Dataset extract section start

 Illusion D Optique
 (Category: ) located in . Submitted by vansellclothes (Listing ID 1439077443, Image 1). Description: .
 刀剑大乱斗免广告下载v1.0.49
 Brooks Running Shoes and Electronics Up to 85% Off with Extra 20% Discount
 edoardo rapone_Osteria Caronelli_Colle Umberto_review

Dataset extract section end
Dataset extract section start

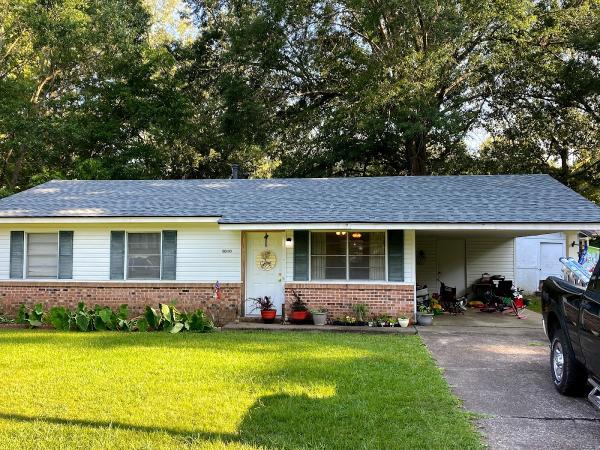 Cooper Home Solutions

Dataset extract section end
Dataset extract section start

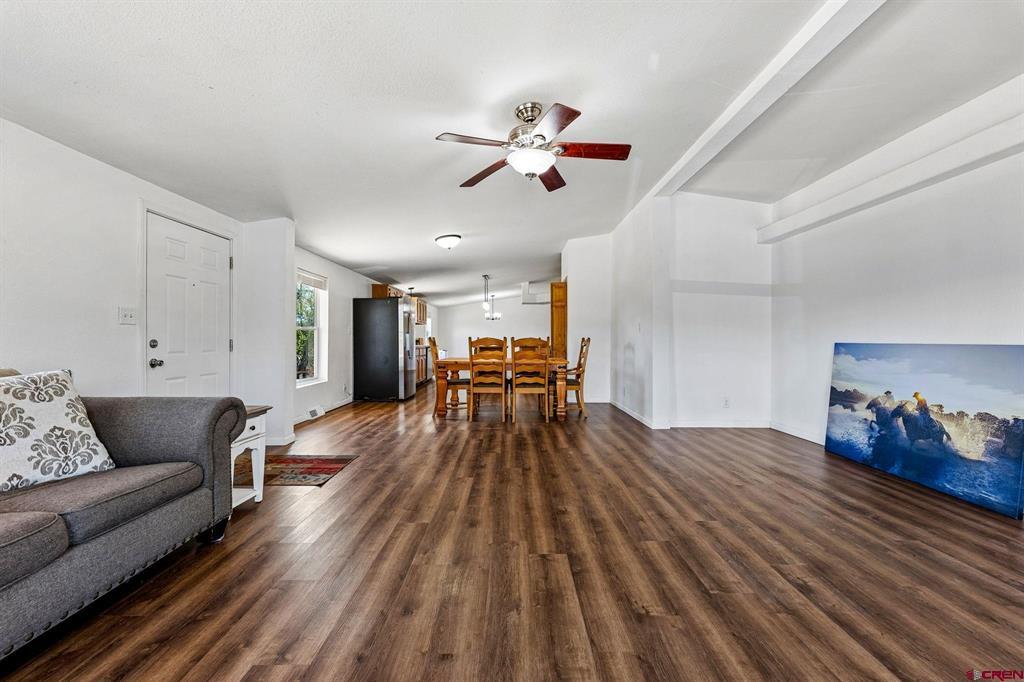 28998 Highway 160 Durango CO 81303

Dataset extract section end

Set down, from the entries above, exactly the lines from the one with "Brooks Running Shoes" up to and including the one with "edoardo rapone_Osteria Caronelli_Colle", and no other lines.

§ Answer section
 Brooks Running Shoes and Electronics Up to 85% Off with Extra 20% Discount
 edoardo rapone_Osteria Caronelli_Colle Umberto_review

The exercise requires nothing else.